WHAT YOU WILL DO:
Your reply should be the entries, output word for word, with each picture omitted.

[DATA UNDER STUDY — start]

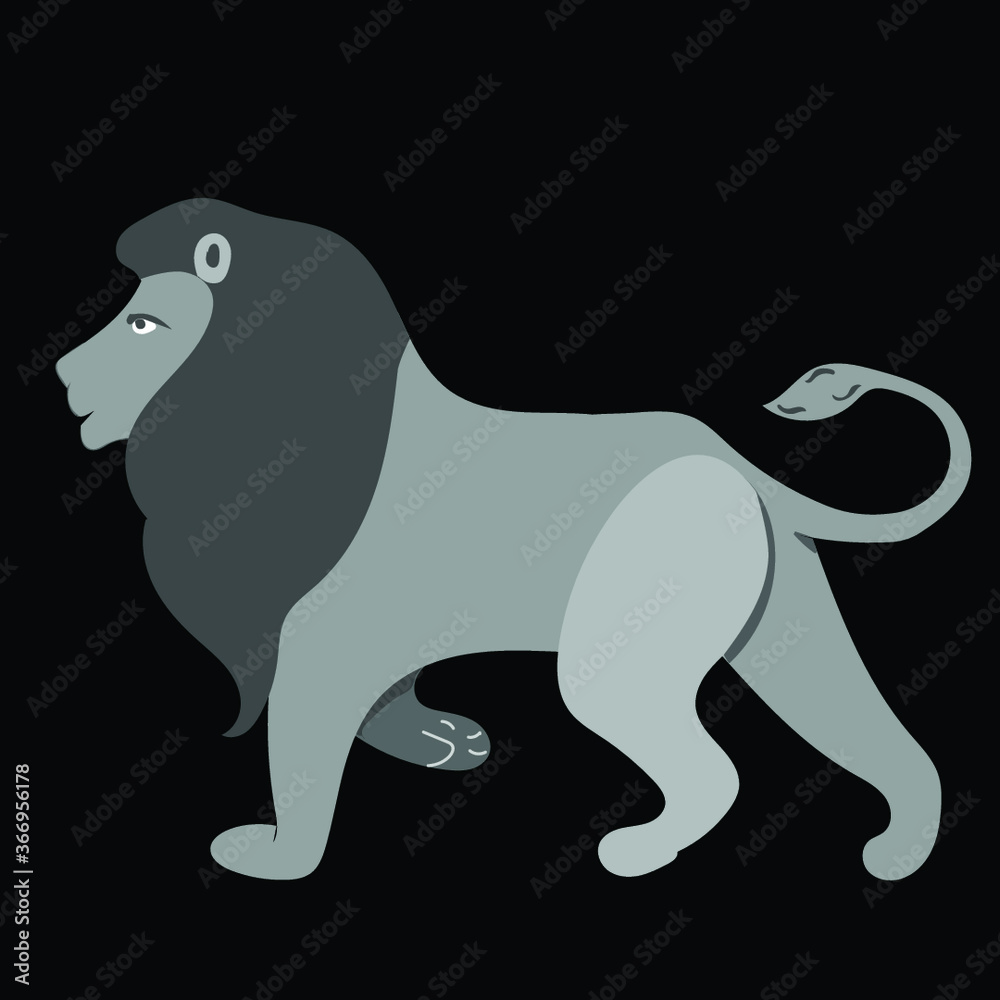 Fototapeta premium Lion Simple Vector Illustration Art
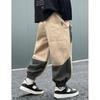 Spring Autumn Fashion Splicing Style Boys Pants Loose Patchwork Sport Overalls Cargo Trousers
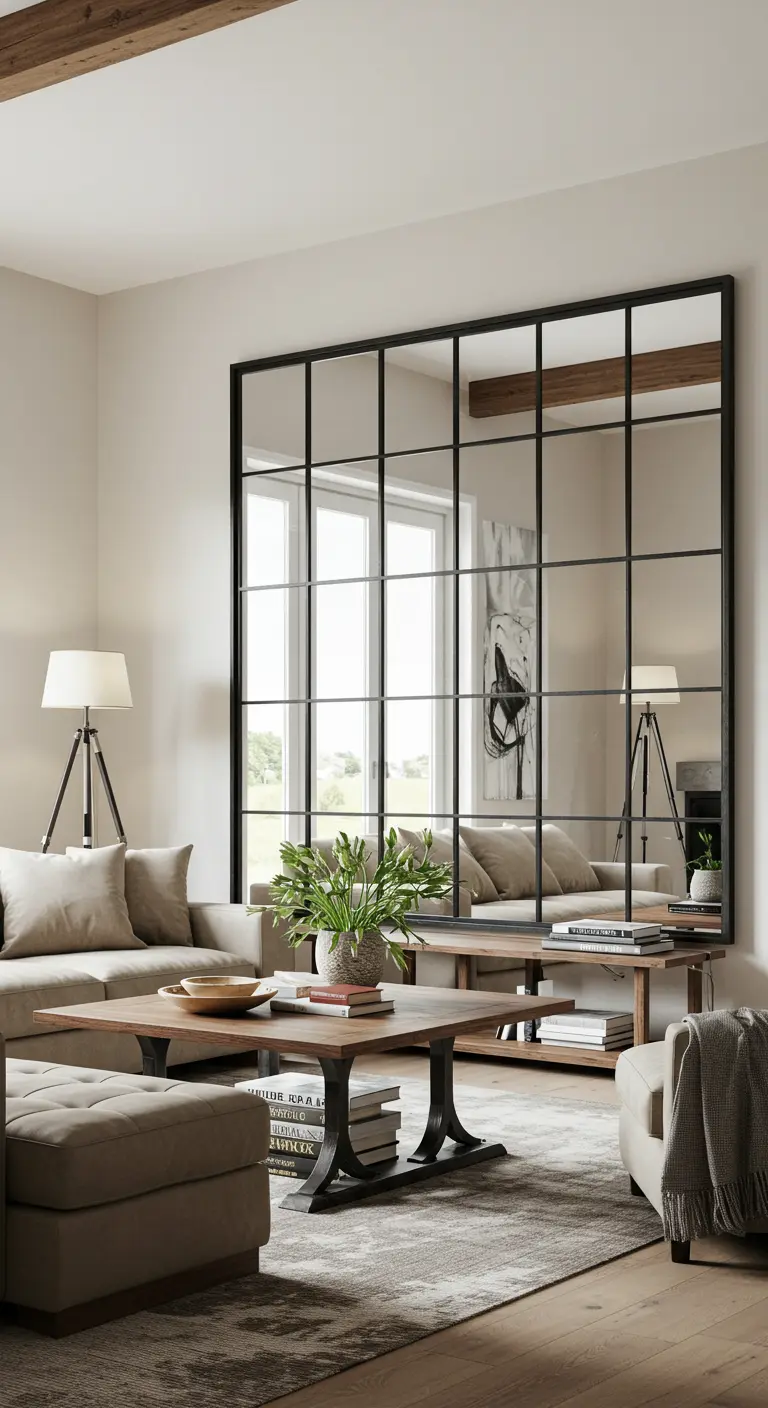 A large black-gridded windowpane mirror on a living room wall, reflecting the sofa.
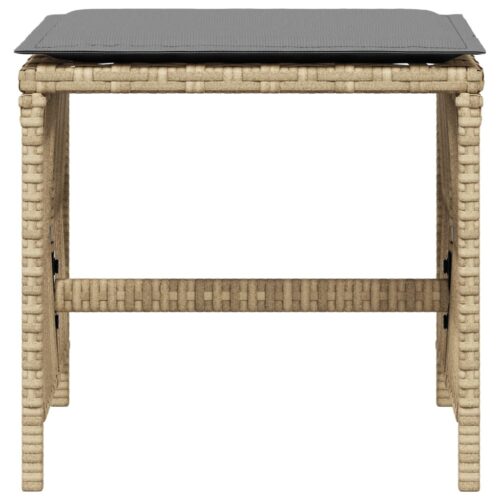 4pcs Outdoor Garden Stools Patio Ottoman Cushions Padded Bench Seat Mix Beige 41x41x36cm - Image 5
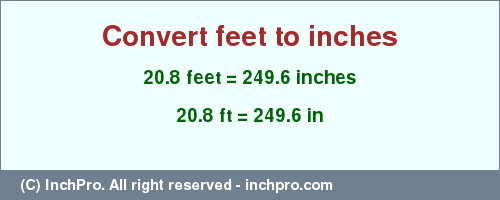 Result converting 20.8 feet to inches = 249.6 inches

[DATA UNDER STUDY — finish]

SOLUTION BELOW:
 Fototapeta premium Lion Simple Vector Illustration Art
 Spring Autumn Fashion Splicing Style Boys Pants Loose Patchwork Sport Overalls Cargo Trousers
 A large black-gridded windowpane mirror on a living room wall, reflecting the sofa.
 4pcs Outdoor Garden Stools Patio Ottoman Cushions Padded Bench Seat Mix Beige 41x41x36cm - Image 5
 Result converting 20.8 feet to inches = 249.6 inches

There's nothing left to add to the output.